My dad reads every piece of writing in a museum. Every wall text introducing an exhibition, every placard that accompanies every piece of art. He reads every word, and he reads them slowly.
My dad is a lawyer. It's his job to scour the tiniest print on documents, to scrutinize information and then put together a narrative that rationalizes that information. When he's at a museum, the concept is the same. He's going to read the description next to that Jean-Michel Basquiat painting, so that he can figure out why the artist painted incorrect long division onto canvas on purpose.
"The first guy who does a white canvas is a genius. The next guy is a moron. The guy who puts four white canvases together, he's back in the museum." — My Dad
I've taken my dad to the last weekend of Unfinished, the inaugural exhibition at the Met Breuer, the Metropolitan Museum's new outpost for contemporary art. Unfinished brings together works from the 15th to 21st centuries, some left unintentionally incomplete, others whose unfinished-ness is a deliberate challenge to the viewer. The exhibition is laid out chronologically, and as we move forward in time, I notice my dad beginning to get, not frustrated, not dismissive, but…amused?
This is a man who once got teary-eyed telling a story about Beethoven (Dad, if you're reading this, it happened, I swear). He attends a poetry workshop and owns issues of The Paris Review from the 1960s. My dad is no philistine. But once, when I was interning at a contemporary art museum in college, he laughed openly at the museum's installation of square dancing puppets. Years later, he's still laughing.
So, how to talk to my dad, any dad, about contemporary art?
When we reach the galleries showing the 20th- and 21st-century works, he's immediately drawn to Sol LeWitt's "Incomplete Open Cubes," barely stops to look at Jasper Johns's drawing of a target, and is, in the vein of dads everywhere, extremely skeptical of Jackson Pollock. Even after reading each placard, my dad still has a bone to pick with a few of the artists.
"He's not very good at math." — My Dad, re: Basquiat
Of course, we never stop learning from our parents. So when my dad has questions, when he doesn't immediately get the point of it all, his criticism isn't off.
Below are my dad's responses to a few of the contemporary works at the Met Breuer, his stray observations, more serious criticisms, and his dadliest jokes.
Dad: "The first guy who does a white canvas is a genius. The next guy is a moron. The guy who puts four white canvases together, he's back in the museum."

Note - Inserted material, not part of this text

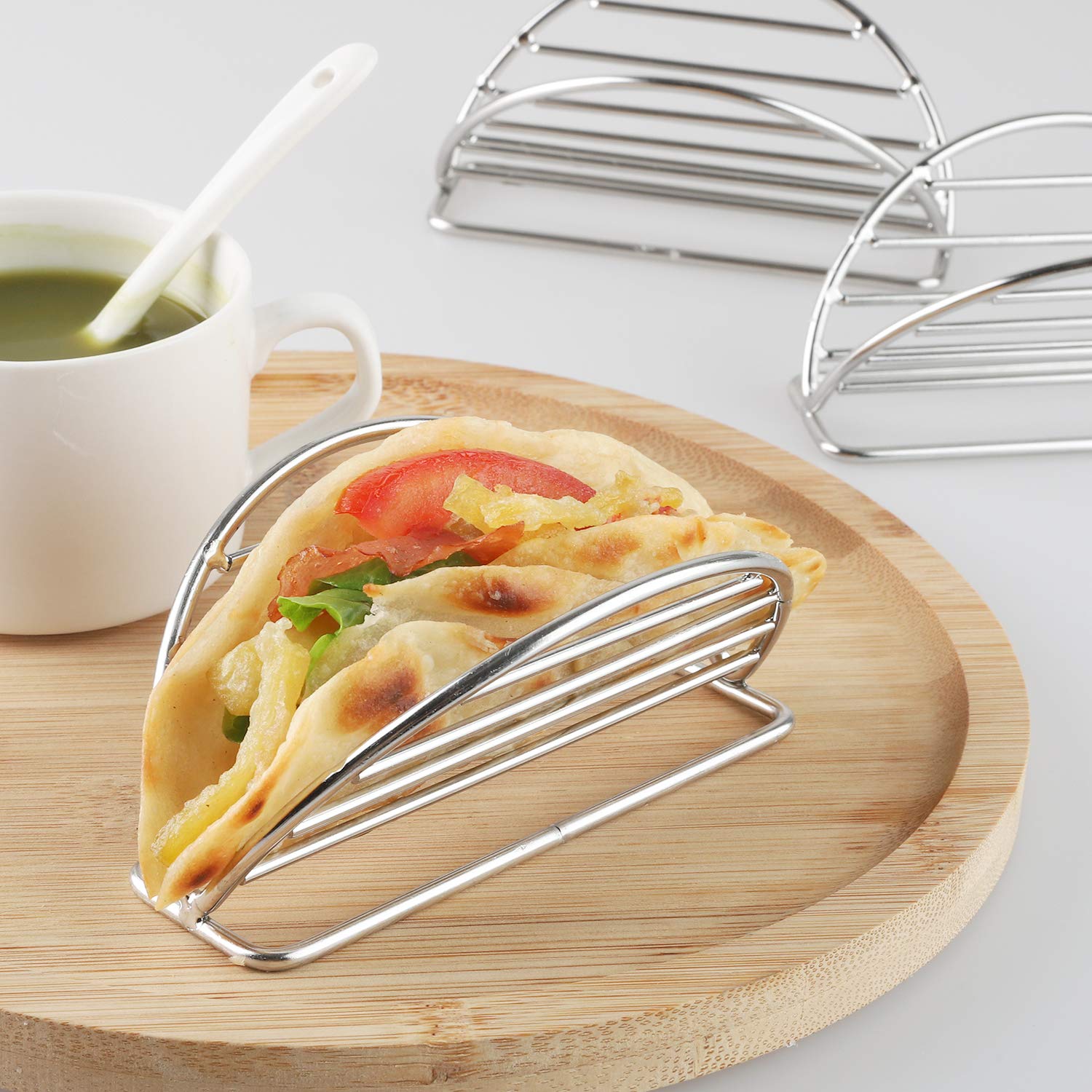 Uadme Taco-houder, roestvrijstalen taco-standaard, tortillahouder, taco-lade voor maximaal 4 taco's voor restaurant- en thuisgebruik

Dad: "He did substantially more work than that guy [Rauschenberg, above]."
Manzoni inscribed a line of ink on a roll of industrial paper, and then sealed it in a small wooden cylinder.

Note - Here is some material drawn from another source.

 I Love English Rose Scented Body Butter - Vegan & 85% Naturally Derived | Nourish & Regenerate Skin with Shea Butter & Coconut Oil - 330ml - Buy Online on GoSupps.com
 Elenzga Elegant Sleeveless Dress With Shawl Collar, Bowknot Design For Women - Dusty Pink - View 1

Dad: "I don't understand what I'm looking at. I don't have any feeling for it, because you can't even access it."
Me: "But the placard explains it: 'It measures neither time nor distance; instead, it represents interminable duration and unlimited extension.'"

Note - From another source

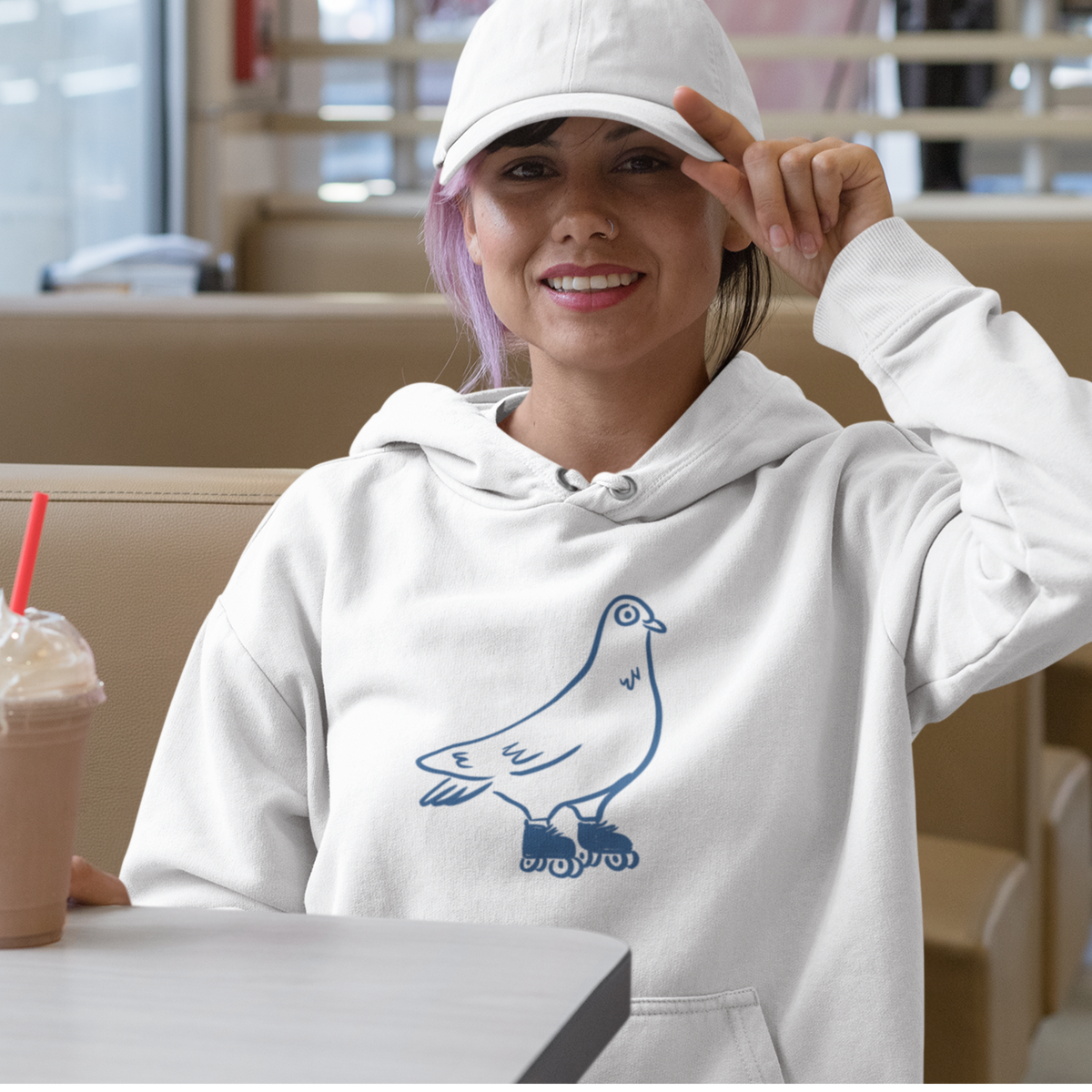 Sweat à capuche en coton durable – Pigeon à roulettes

Dad: "I recognize it, but it seems trivial, to make a little box and say, 'Inside there is a masterpiece that you can't see.'"
Robert Morris built a small wooden box, and then installed an internal speaker that plays a recording of him making the box.
Dad: "See, someone already beat me to it. They made a box."
In which Sol LeWitt tries to exhaust all possible combinations for not building a cube.
Dad: "That's fascinating. That's amazing."
Dad: "They've done some at the Houston Zoo with elephants' tails like this."
[Editor's Note: No disagreement in sentiment here.]
Hanne Darboven wrote a letter to LeWitt, a good friend, and included a musical score, all written in a code she called "mathematical prose."
Dad: "You get to this, and you've abandoned the figurative. It's almost evocative of binary code. This just seems more complex. The box and the vessel are interesting, but it doesn't require the same involvement from the viewer."
Dad: "The muffler represents society's attempt to suffocate the creativity of young people. The fan belt is the binding that straps us to the system. The hubcaps are vanity and external displays of inequity. Those Chrysler hubcaps though… the road grit can get through to the lug nuts and rust them faster than a plain hubcap."
Dad: "This to me does have a twist, putting the unfinished painting in the background."
I've seen this in a few exhibitions by now. To visually demonstrate the toll AIDS has taken on the human population, and, more intimately, the toll it takes on the human body, viewers are encouraged to take a piece of candy. After not so long, the mound of candy disappears, the museum restocks it, and the process begins again.
Dad: "Hmm, I give it credit, now that I've read what it means."